Fortunately, VC++'s implementation of std::ifstream
and std::ofstream
have non-standard overloads of their constructors and open()
methods to accept wchar_t*
strings for UTF-16 filenames.
explicit basic_ifstream(
const wchar_t *_Filename,
ios_base::openmode _Mode = ios_base::in,
int _Prot = (int)ios_base::_Openprot
);
void open(
const wchar_t *_Filename,
ios_base::openmode _Mode = ios_base::in,
int _Prot = (int)ios_base::_Openprot
);
void open(
const wchar_t *_Filename,
ios_base::openmode _Mode
);
explicit basic_ofstream(
const wchar_t *_Filename,
ios_base::openmode _Mode = ios_base::out,
int _Prot = (int)ios_base::_Openprot
);
void open(
const wchar_t *_Filename,
ios_base::openmode _Mode = ios_base::out,
int _Prot = (int)ios_base::_Openprot
);
void open(
const wchar_t *_Filename,
ios_base::openmode _Mode
);
You will have to use an #ifdef
to detect Windows compilation (unfortunately, different C++ compilers identify that differently) and temporarily convert your UTF-8 string to UTF-16 when opening a file.
#ifdef _MSC_VER
std::wstring ToUtf16(std::string str)
{
std::wstring ret;
int len = MultiByteToWideChar(CP_UTF8, 0, str.c_str(), str.length(), NULL, 0);
if (len > 0)
{
ret.resize(len);
MultiByteToWideChar(CP_UTF8, 0, str.c_str(), str.length(), &ret[0], len);
}
return ret;
}
#endif
int main()
{
std::string utf8path = ...;
std::ifstream iFileStream(
#ifdef _MSC_VER
ToUtf16(utf8path).c_str()
#else
utf8path.c_str()
#endif
, std::ifstream::in | std::ifstream::binary);
...
return 0;
}
Note that this is only guaranteed to work in VC++. Other C++ compilers for Windows are not guaranteed to provide similar extensions.
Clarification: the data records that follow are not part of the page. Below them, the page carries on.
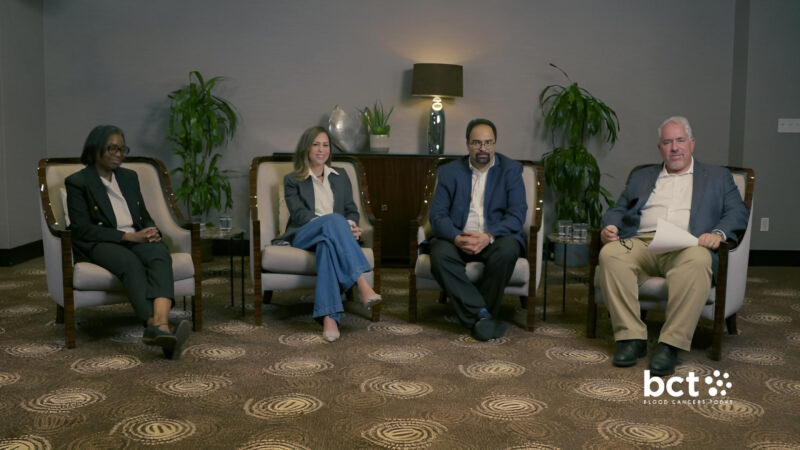 Blood Cancers Today – Out now! The first MPN roundtable from HOPLive24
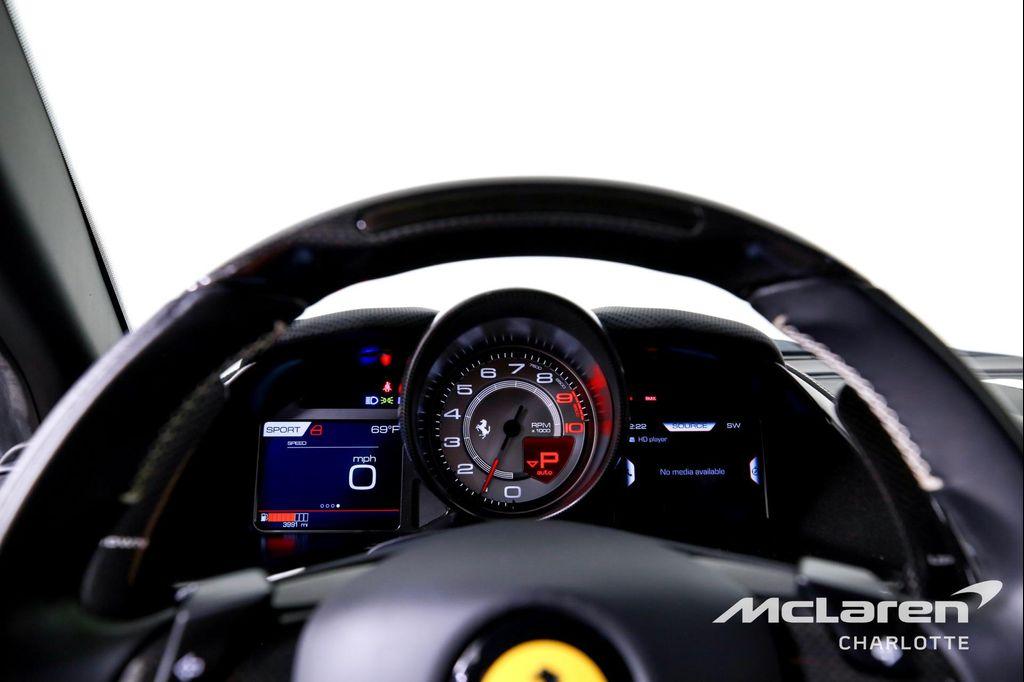 used 2020 Ferrari 812 Superfast car, priced at $409,996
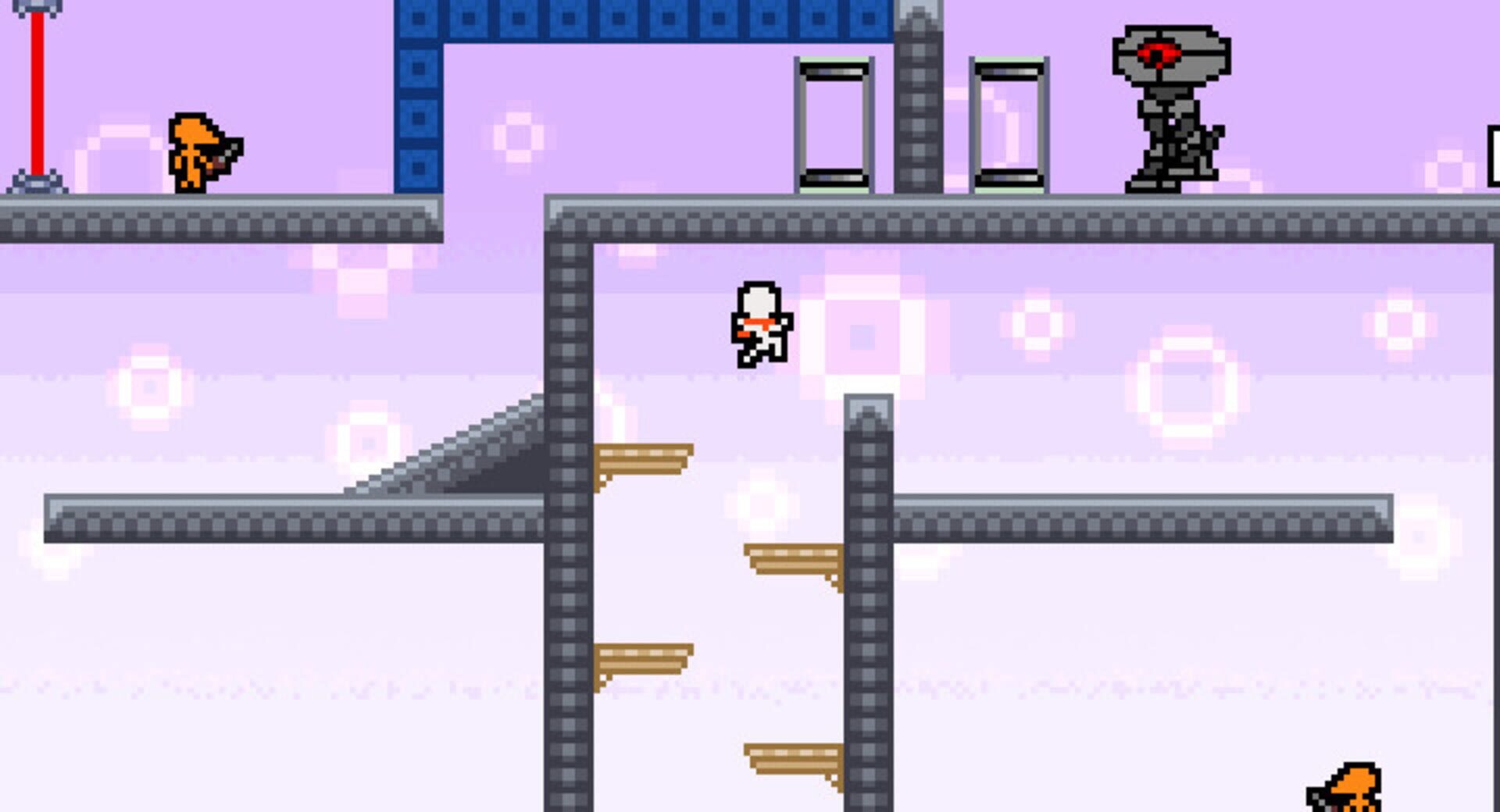 Pokie the Stickfigure - Screenshot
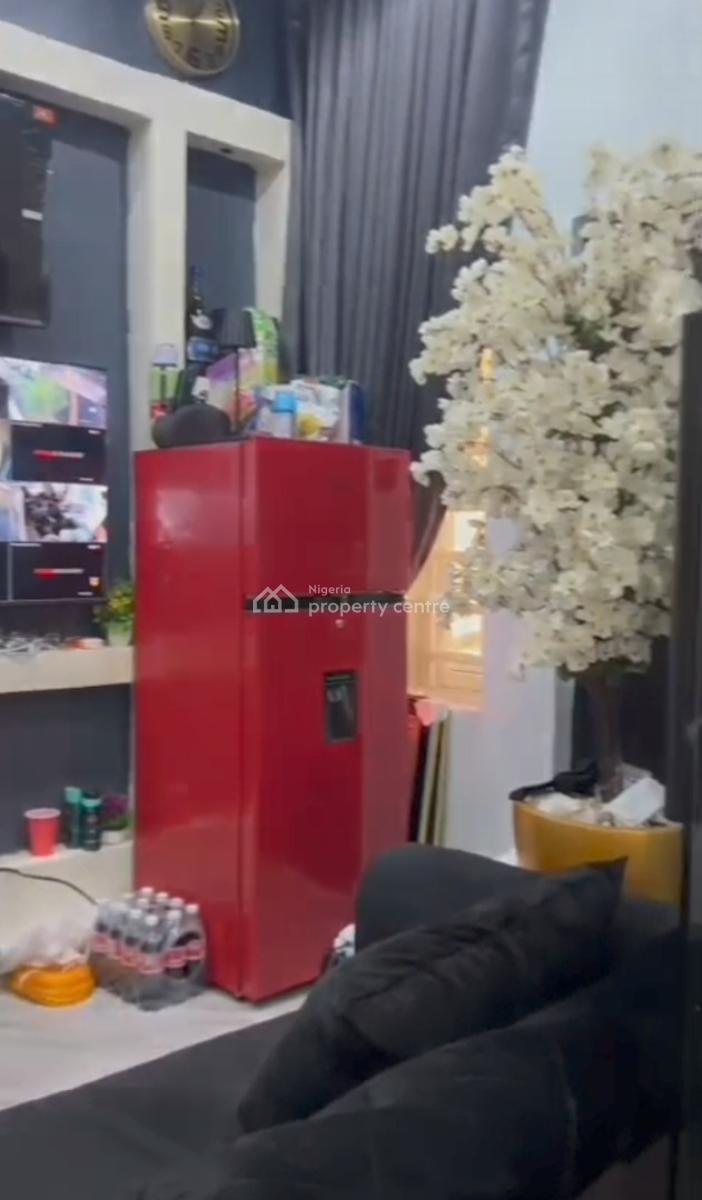 Great Masterpiece of 5bedroom Duplex Home with Good Interior Designs, Mayfair Garden Estate, Awoyaya, Ibeju Lekki, Lagos, Semi-detached Duplex for Sale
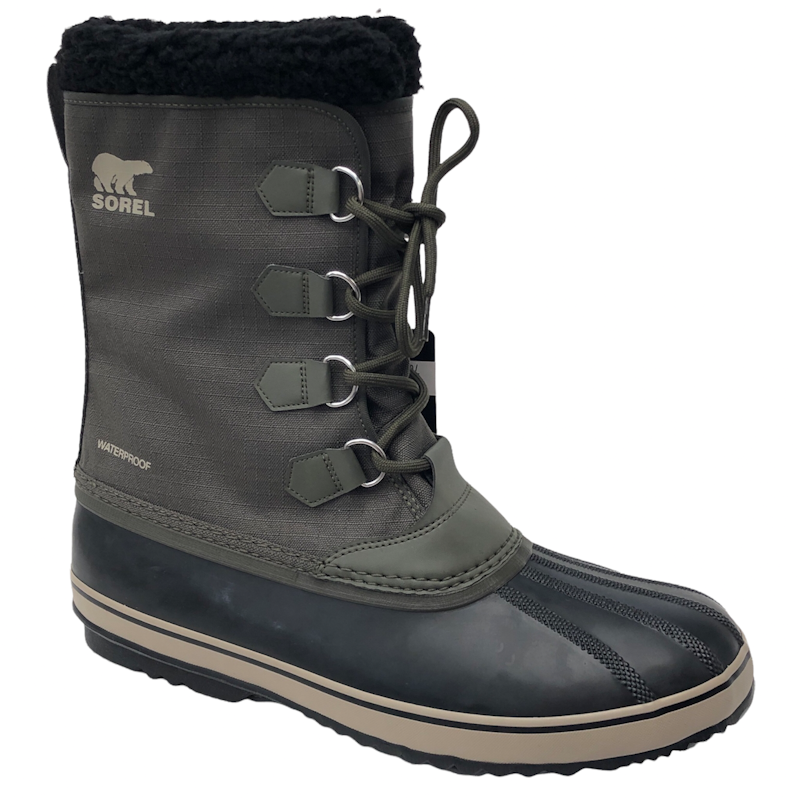 sorel nylon pac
UPDATE: as of Windows 10 Insider Preview Build 17035, Microsoft now supports UTF-8 as a system-wide encoding that users can set their locale to. And as of Windows 10 Version 1903 (build 18362), applications can now opt in via their app manifest to use UTF-8 as a process-wide codepage, even if the user locale is not set to UTF-8. These features allow ANSI-based APIs (like CreateFileA()
, which std::ifstream
/std::ofstream
use internally) to work with UTF-8 strings. So, in theory, with this feature turned on, you might be able to pass a UTF-8 encoded string to std::ifstream
/std::ofstream
and it would "just work". I can't confirm that, as it very much depends on the implementation. It would be safer to stick with passing in UTF-16 filenames, since that is Windows' native encoding, which the ANSI APIs will simply convert to internally.